* Material for this exercise *
++++

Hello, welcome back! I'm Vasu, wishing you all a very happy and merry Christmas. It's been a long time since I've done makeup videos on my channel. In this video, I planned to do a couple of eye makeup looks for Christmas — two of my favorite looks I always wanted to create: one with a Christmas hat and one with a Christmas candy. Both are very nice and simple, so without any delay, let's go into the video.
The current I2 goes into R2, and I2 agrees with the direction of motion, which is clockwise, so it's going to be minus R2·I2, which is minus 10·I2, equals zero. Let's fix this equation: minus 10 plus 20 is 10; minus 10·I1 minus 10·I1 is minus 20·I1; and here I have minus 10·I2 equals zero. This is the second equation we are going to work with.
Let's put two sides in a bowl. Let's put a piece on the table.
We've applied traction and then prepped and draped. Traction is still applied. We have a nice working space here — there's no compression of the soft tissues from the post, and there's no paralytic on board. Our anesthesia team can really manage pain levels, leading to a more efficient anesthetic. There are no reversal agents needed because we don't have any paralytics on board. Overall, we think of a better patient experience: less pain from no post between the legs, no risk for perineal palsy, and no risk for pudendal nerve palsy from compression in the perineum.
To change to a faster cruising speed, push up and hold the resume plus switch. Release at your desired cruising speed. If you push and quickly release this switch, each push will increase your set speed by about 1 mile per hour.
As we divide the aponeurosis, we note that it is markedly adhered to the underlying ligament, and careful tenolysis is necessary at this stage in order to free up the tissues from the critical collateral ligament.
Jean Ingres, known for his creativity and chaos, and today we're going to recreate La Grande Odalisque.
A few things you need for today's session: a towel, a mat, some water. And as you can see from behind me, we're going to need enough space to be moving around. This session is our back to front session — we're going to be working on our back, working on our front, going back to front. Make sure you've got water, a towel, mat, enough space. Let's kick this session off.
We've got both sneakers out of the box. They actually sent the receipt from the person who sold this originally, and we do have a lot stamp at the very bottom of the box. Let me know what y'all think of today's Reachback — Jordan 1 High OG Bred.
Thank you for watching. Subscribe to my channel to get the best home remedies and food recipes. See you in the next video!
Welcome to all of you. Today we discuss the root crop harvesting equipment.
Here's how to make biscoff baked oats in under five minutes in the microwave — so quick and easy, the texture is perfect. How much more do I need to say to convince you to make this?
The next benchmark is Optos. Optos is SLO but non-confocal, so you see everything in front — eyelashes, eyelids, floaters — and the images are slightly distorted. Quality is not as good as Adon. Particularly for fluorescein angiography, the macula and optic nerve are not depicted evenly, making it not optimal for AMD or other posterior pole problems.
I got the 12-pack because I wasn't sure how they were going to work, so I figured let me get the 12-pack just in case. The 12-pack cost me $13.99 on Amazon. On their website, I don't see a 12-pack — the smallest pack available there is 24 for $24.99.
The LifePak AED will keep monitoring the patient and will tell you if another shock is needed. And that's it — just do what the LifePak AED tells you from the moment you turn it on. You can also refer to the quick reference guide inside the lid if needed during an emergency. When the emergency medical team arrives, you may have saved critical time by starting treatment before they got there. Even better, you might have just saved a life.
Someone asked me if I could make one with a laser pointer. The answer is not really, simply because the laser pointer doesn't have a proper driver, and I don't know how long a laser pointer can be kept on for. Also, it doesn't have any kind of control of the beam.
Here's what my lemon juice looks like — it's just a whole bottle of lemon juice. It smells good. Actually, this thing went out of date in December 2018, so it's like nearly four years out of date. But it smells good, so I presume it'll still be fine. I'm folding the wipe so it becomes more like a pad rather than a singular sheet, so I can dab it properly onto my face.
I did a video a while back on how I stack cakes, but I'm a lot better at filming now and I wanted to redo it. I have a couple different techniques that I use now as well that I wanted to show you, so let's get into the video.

++++

* Exercise directions *
Return only those lines of the records that contain the string "patient".

* Expected answer *
We've applied traction and then prepped and draped. Traction is still applied. We have a nice working space here — there's no compression of the soft tissues from the post, and there's no paralytic on board. Our anesthesia team can really manage pain levels, leading to a more efficient anesthetic. There are no reversal agents needed because we don't have any paralytics on board. Overall, we think of a better patient experience: less pain from no post between the legs, no risk for perineal palsy, and no risk for pudendal nerve palsy from compression in the perineum.
The LifePak AED will keep monitoring the patient and will tell you if another shock is needed. And that's it — just do what the LifePak AED tells you from the moment you turn it on. You can also refer to the quick reference guide inside the lid if needed during an emergency. When the emergency medical team arrives, you may have saved critical time by starting treatment before they got there. Even better, you might have just saved a life.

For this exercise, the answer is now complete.